De «micro-protéines» en «bio-performance», les fabricants de cosmétiques réinventent quotidiennement le langage de la science. Leurs techniques s’affinent.
Il y a un an, Chanel lançait «Infrarouge», un rouge à lèvres que tout contribuait – à commencer par le nom – à faire passer pour un produit de haute technologie. «Innovation texture, innovation effet couleur», le cosmétique semblait sur la publicité étoilée aussi performant qu’un rayon laser.
Avec la collection de printemps 2002, la marque en remet une couche et sort dans la même gamme le coffret «Inframétal», composé d’un bâton à lèvres et d’un vernis à ongles gris métallisé. Plus de traces de rouge. Seul le contact froid et précis du métal sur la peau rappelle que c’est à la technique qu’il revient aujourd’hui de séduire.
L’intrusion de la technologie dans le domaine des cosmétiques n’est pas récente, mais de plus en plus explicite. Tous les produits se revendiquent conçus et testés en laboratoires. Tous contiennent un nouveau principe actif, breveté, plus efficace que le précédent. Mais c’est surtout dans la présentation des cosmétiques que l’accent est mis sur leur technicité.
Les soins anti-âge détiennent la palme de la terminologie scientifique. Si Dior a isolé la «micro-protéine pure en liposomes ciblés» pour stimuler l’activité jeunesse des cellules, Shiseido a mis au point la crème «bio-performance super revitaliseur absolu», résultat d’une technologie d’avant-garde.
Par le miracle de l’hyperbole, les crèmes en arrivent à rivaliser avec la chirurgie plastique et reconstructrice. La Prairie préconise un «système cellulaire lipo-sculpteur, mieux que toutes les crèmes, avant la chirurgie esthétique et au-delà de tous les résultats que vous ayez jamais vus», alors que Guerlain propose, avec «Successlaser, réducteur de rides», une véritable «intervention cosmétique».
Le lexique des produits de maquillage se décline comme une liste d’accessoires de voiture. Ce printemps, on applique sur ses paupières le fard «lumière polychrome» (jantes chromées) de Chanel ou le «Color Focus» (comme la Ford) de Lancôme à l’aide du «pinceau rétractable Diorific» (siège rabattable). Tout pour que nos yeux se confondent en appels de fards.

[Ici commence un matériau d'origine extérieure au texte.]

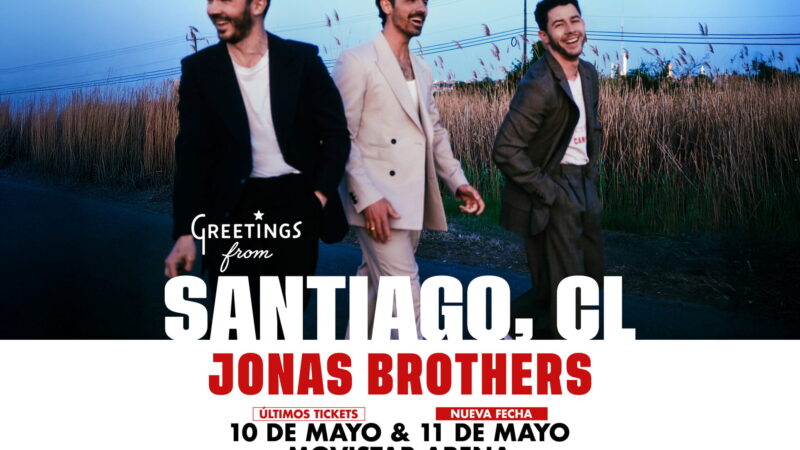 Jonas Brothers en Chile: 17 años del primer show que marcó a toda una generación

Le procédé est d’ailleurs réversible puisqu’une marque de voiture comme Alfa Romeo, qui veut désormais séduire les femmes, affiche des lèvres ourlées de rouge sur fond blanc pour lancer sa nouvelle 147. A l’essai de la voiture, Alfa offre un «set exclusif composé d’un rouge à lèvres et d’un vernis à ongles».
Partout, les couleurs s’irisent et s’intensifient. Le vernis laque pur «Ultra-violet» d’Yves Saint Laurent fait concurrence à «Infrarouge» de Chanel. Les textures sont toujours plus sophistiquées, les fluides se transforment en poudres au contact de la peau, les poudres sont étoilées ou translucides, les laques ultra résistantes et leur séchage ultra rapide. Le packaging reste sobre et futuriste, à l’image de l’étui spatial du rouge à lèvres Dior Addict.
Mais si les fabricants de cosmétiques invoquent volontiers la science, c’est surtout dans le secteur commercial qu’ils appliquent des méthodes scientifiques. Outre un argumentaire publicitaire efficace, les grandes marques exploitent depuis quelques années une nouvelle technique de vente, les «one shots», ou «éditions éphémères».
A l’image des voitures produites en séries limitées, certains assortiments, pensés en fonction des saisons et de la mode, ne paraissent ainsi qu’une seule fois et s’épuisent aussi vite (c’est justement le cas d’«Inframétal», le dernier «one-shot» de Chanel). Argument de choc, puisque la nouveauté crée la demande. Les clientes s’y précipitent.
D’après Françoise Baldini, responsable des ventes de La Prairie au magasin Bon Génie, ce principe de «one shot» a été imaginé pour limiter les stocks. «Les marques conservent les références de base, toujours demandées, et lancent en éditions limitées les produits saisonniers, qui seront vite dépassés. Cela évite d’avoir en stock des références qui dorment.» Et les effets sur les ventes sont fulgurants.
Ainsi, les femmes qui se croient aux commandes d’une nouvelle génération de cosmétiques sont en réalité les victimes d’une autre technologie. Le marketing est une science de pointe, pas forcément testée en clinique, mais ses effets sont assurément démontrés.